Igor Kurchatov, (1903 - 1960) Andrei Sakharov once described Igor Kurchatov as a man whose most pronounced trait was his fascination with "grand" science. The physicist who headed the Soviet nuclear program from 1943 until his death in 1960, was also remembered by the scientists who worked for him as a man with a robust sense of humor; a warm and loyal friend who took great care of his subordinates; and an extremely organized administrator. He was nicknamed "boroda" (the beard) by those who were close to him after he stopped shaving during the war--he said he would only get rid of the beard once the Germans were beaten. In fact, he never did. The shaggy facial hair made him look like an orthodox priest.

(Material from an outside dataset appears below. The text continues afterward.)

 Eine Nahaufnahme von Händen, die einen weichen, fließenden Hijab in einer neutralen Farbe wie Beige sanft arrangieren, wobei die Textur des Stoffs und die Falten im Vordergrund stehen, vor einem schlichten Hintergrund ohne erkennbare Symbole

Kurchatov was born in the southern Urals in January 1903, the son of a surveyor and a school teacher. In 1920 he entered Tauridian University. He graduated a year early, and wrote his first scientific paper on the radioactivity of snow. In 1925, he received an invitation from the distinguished physicist Abram Ioffe to join the staff of his institute in Leningrad.

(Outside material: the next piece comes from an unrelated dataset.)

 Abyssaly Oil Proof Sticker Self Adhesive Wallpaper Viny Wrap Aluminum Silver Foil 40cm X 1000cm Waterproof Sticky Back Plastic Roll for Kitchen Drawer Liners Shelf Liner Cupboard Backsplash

For the first few years of his professional life, Kurchatov devoted himself to the physics of dielectrics, a field of research which had immediate applications in industry. But in 1932, he and a number of other Soviet scientists were drawn to the new and exciting field of nuclear physics. An area of study that many mistakenly believed would only have practical uses in the very distant future.

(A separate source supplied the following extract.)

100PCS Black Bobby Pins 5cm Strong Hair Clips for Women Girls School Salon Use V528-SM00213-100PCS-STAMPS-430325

The international physics community in the 1930s was small and very closely connected. In the 1930s there were just a handful of institutions conducting ground-breaking research in nuclear physics. The Cavendish Laboratory at Cambridge University in England was one, Enrico Fermi's team at the University of Rome was another, and Kurchatov's team in Leningrad was a third. Their work was published in scientific journals and they kept track of each other's results.

After the Germans invaded the Soviet Union in June 1941, most nuclear scientists abandoned their research to work on the war effort. Laboratories and scientists were evacuated from Moscow and Leningrad to outlying areas. Kurchatov joined a group that was working on protecting ships from magnetic mines. However, within a year Soviet scientists noticed an alarming silence from the West about nuclear fission. The journals that had been abuzz just a couple of years earlier with the latest discoveries made no mention of nuclear research. Soviet scientists realized U.S. nuclear research had become secret and they concluded that could only mean the U.S. was trying to build an atomic bomb.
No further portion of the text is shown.